◆ PROBLEM TO WORK ON ◆
Exactly the line that contains "AM23509 | 1803440-50-7" and the lines following it to the end of the data are to be reproduced, and nothing more.
================
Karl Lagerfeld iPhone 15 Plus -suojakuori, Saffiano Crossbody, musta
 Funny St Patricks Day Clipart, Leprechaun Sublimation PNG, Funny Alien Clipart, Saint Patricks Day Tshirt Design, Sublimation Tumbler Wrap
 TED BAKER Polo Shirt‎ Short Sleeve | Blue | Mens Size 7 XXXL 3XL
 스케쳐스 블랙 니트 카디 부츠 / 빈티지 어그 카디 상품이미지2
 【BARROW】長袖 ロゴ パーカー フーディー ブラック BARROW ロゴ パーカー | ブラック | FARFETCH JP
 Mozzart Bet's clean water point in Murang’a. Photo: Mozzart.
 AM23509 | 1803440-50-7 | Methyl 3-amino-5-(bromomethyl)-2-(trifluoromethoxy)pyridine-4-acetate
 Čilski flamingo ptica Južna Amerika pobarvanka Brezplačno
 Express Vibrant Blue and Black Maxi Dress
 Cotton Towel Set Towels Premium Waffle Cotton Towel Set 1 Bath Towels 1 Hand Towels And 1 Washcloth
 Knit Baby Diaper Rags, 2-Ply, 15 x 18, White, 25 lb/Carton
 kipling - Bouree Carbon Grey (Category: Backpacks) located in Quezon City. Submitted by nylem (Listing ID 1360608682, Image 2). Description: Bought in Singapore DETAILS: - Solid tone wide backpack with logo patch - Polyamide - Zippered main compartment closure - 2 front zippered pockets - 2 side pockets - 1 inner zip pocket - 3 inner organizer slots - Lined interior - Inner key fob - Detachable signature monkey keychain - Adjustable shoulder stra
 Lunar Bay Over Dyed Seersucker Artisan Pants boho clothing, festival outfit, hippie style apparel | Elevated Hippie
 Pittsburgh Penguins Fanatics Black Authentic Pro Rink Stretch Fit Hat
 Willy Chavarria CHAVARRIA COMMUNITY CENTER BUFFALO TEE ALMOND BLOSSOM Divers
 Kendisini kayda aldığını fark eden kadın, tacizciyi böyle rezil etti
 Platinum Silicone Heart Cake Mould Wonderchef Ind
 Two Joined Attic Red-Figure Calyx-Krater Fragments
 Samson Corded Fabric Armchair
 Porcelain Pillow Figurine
================
◆ ANSWER TO THE PROBLEM ◆
 AM23509 | 1803440-50-7 | Methyl 3-amino-5-(bromomethyl)-2-(trifluoromethoxy)pyridine-4-acetate
 Čilski flamingo ptica Južna Amerika pobarvanka Brezplačno
 Express Vibrant Blue and Black Maxi Dress
 Cotton Towel Set Towels Premium Waffle Cotton Towel Set 1 Bath Towels 1 Hand Towels And 1 Washcloth
 Knit Baby Diaper Rags, 2-Ply, 15 x 18, White, 25 lb/Carton
 kipling - Bouree Carbon Grey (Category: Backpacks) located in Quezon City. Submitted by nylem (Listing ID 1360608682, Image 2). Description: Bought in Singapore DETAILS: - Solid tone wide backpack with logo patch - Polyamide - Zippered main compartment closure - 2 front zippered pockets - 2 side pockets - 1 inner zip pocket - 3 inner organizer slots - Lined interior - Inner key fob - Detachable signature monkey keychain - Adjustable shoulder stra
 Lunar Bay Over Dyed Seersucker Artisan Pants boho clothing, festival outfit, hippie style apparel | Elevated Hippie
 Pittsburgh Penguins Fanatics Black Authentic Pro Rink Stretch Fit Hat
 Willy Chavarria CHAVARRIA COMMUNITY CENTER BUFFALO TEE ALMOND BLOSSOM Divers
 Kendisini kayda aldığını fark eden kadın, tacizciyi böyle rezil etti
 Platinum Silicone Heart Cake Mould Wonderchef Ind
 Two Joined Attic Red-Figure Calyx-Krater Fragments
 Samson Corded Fabric Armchair
 Porcelain Pillow Figurine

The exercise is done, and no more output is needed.